Senhora

Dossiê Gerardo Vietri

Senhora
Direção: Geraldo Vietri
Brasil, 1976.

Por Vlademir Lazo Correa

Uma das críticas mais duras que se faz ao cinema brasileiro mais recente é a influência da televisão na confecção de alguns filmes, a assimilação de uma estética das novelas de TV no estilo do que é visto nas telas do cinema. A prática, entretanto, não é nova. Nos anos setenta, com a explosão das telenovelas da Globo entre o grande público, muitas de nossas realizações cinematográficas se refugiavam a um teor menos ou mais excessivamente televisivo. O Descarte (1974), de Anselmo Duarte, e produzido pelo casal Tarcisio Meira e Glória Menezes, ainda que com lampejos do talento cinematográfico do diretor, parecia bem mais uma novela das oito. Já Senhora tem cara de novela das seis da tarde.

Nada contra se voltar para um público popular no mercado das salas de cinema, porém o filme de Geraldo Vietri é pouco feliz porque o seu problema parece ser anterior mesmo à questão acima levantada, ao adaptar o romance de José de Alencar para as telas. Um autor há muito fora de moda, mas sempre de presença constante e obrigatória nos currículos escolares, e cujas diversas versões cinematográficas jamais se elevaram acima do pouco interesse das platéias contemporâneas por suas obras (não apenas Senhora, mas também Iracema, O Guarani duas vezes, Guerra dos Mascates e O Tronco do Ipê foram levados para tela grande, sempre com pouco ou nenhum êxito).

Na tentativa de conquistar um vasto público habituado a folhetins, o filme de Vietri é o encontro do folhetim literário de um século anterior com a estética dos folhetins televisivos de sua época. Compila fragmentos do romance e cenas da narrativa costurados pela narração em off da personagem central, encarregada de orientar o espectador naquilo que a imagem nem sempre dá conta. O aparecimento do avô de Aurélia e a revelação da falsa viuvez de sua mãe é muito mais verbalizado pelas palavras da protagonista do que visto na tela. Daí que ficamos sabendo que Aurélia foi reconhecida pelo avô paterno e com a sua morte herda a fortuna que lhe deixou, deixando de ser uma moça pobre e sem berço.

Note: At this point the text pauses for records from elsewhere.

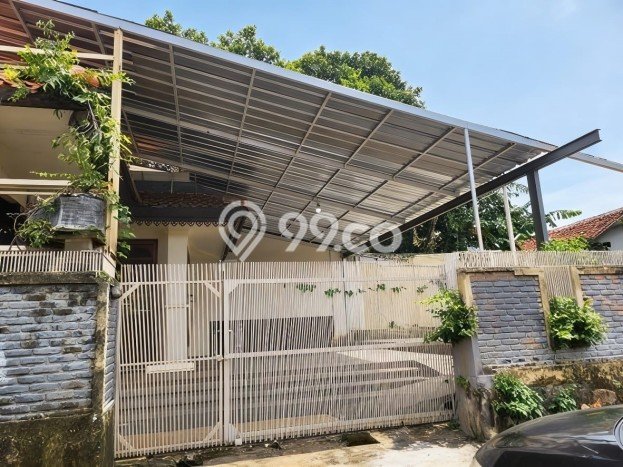 Jual Rumah Mewah Elegan Dengan View Cantik di Terogong, Jakarta Selatan Jual Rumah Mewah Elegan Dengan View Cantik di Terogong, Jakarta Selatan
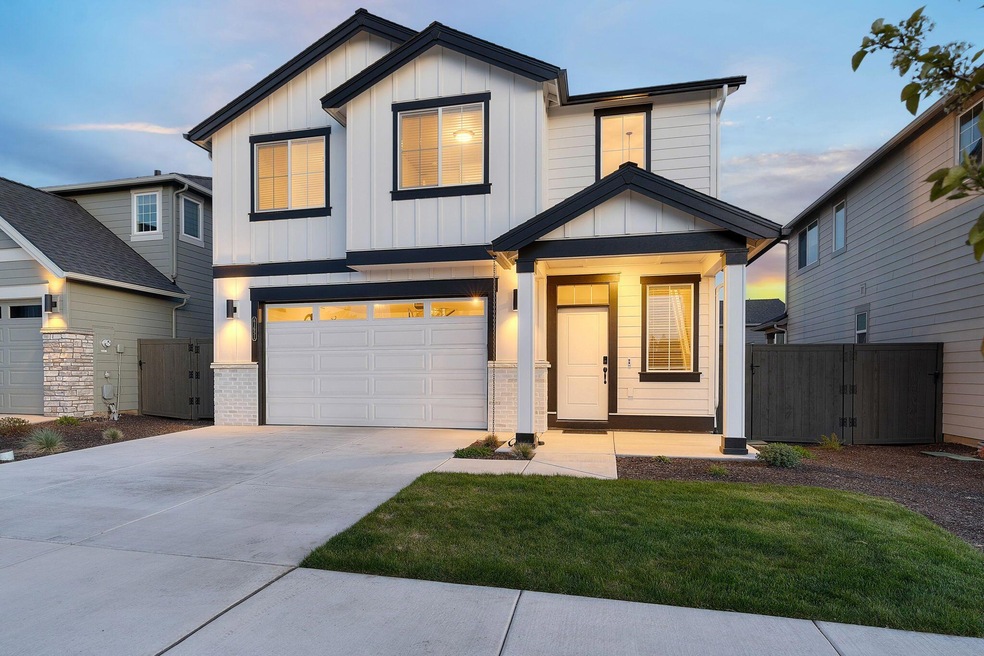 61651 SE Depot Loop, Bend, OR 97702 - photo 1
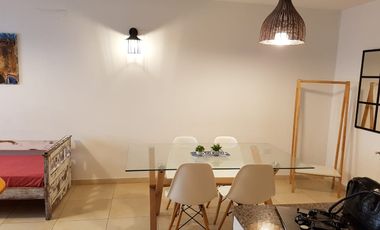 ¡Alquilo departamento amoblado y equipado a cinco cuadras de Plaza Roca!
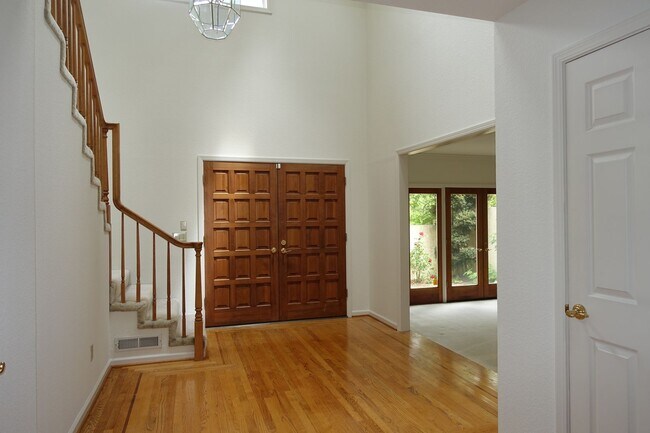 Foto del edificio - Spacious home, close to downtown Los Altos.  Easy commute location. Great Los Altos Schools!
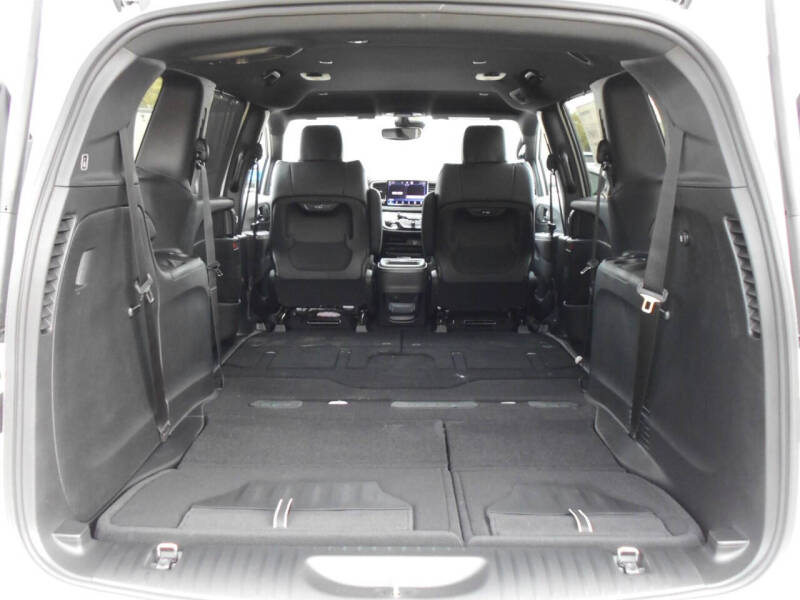 2027 Chrysler Pacifica Select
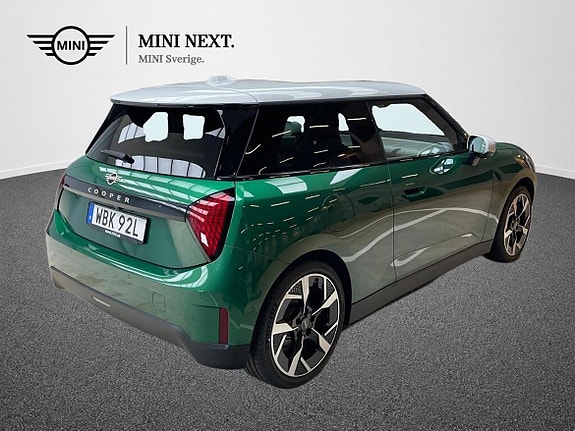 MINI Cooper E 5 of 15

Senhora, o livro e o filme, mostra casamentos e relacionamentos amorosos como parte de jogos de interesse financeiros e transações econômicas. Aurélia pede ao seu tutor que a ajude a desmanchar o compromisso de casamento de uma outra moça, Adelaide, com um recém-chegado ao Rio de Janeiro, Fernando Seixas, um caça-dotes de boas relações no Império, mas de origem simples, com quem Aurélia deseja se reencontrar. Vietri também utiliza na estrutura de seu filme alguns dos flashbacks do romance de Alencar, da mesma forma que por vezes sobrepõe a história de Aurélia com a de Adelaide, por vezes dividindo a atenção entre ambas as personagens.

Em todo o caso, Vietri tenta fazer cinema em meio a profundidade de papelão dos personagens e sua narrativa folhetinesco-televisiva, com alguns movimentos de câmera bem insinuantes, como se procurasse um refúgio de eventuais acusações de que o que estivesse fazendo era mesmo televisão. Há um plano de uma carruagem por uma estrada sob o céu vermelho de uma noite escura que parece tirado diretamente de alguma sequência de E o Vento Levou, e aqui e ali é possível se impressionar com alguma de suas tomadas. Ainda assim, é pouco, muito pouco, e o resultado final não foi suficiente para marcar época.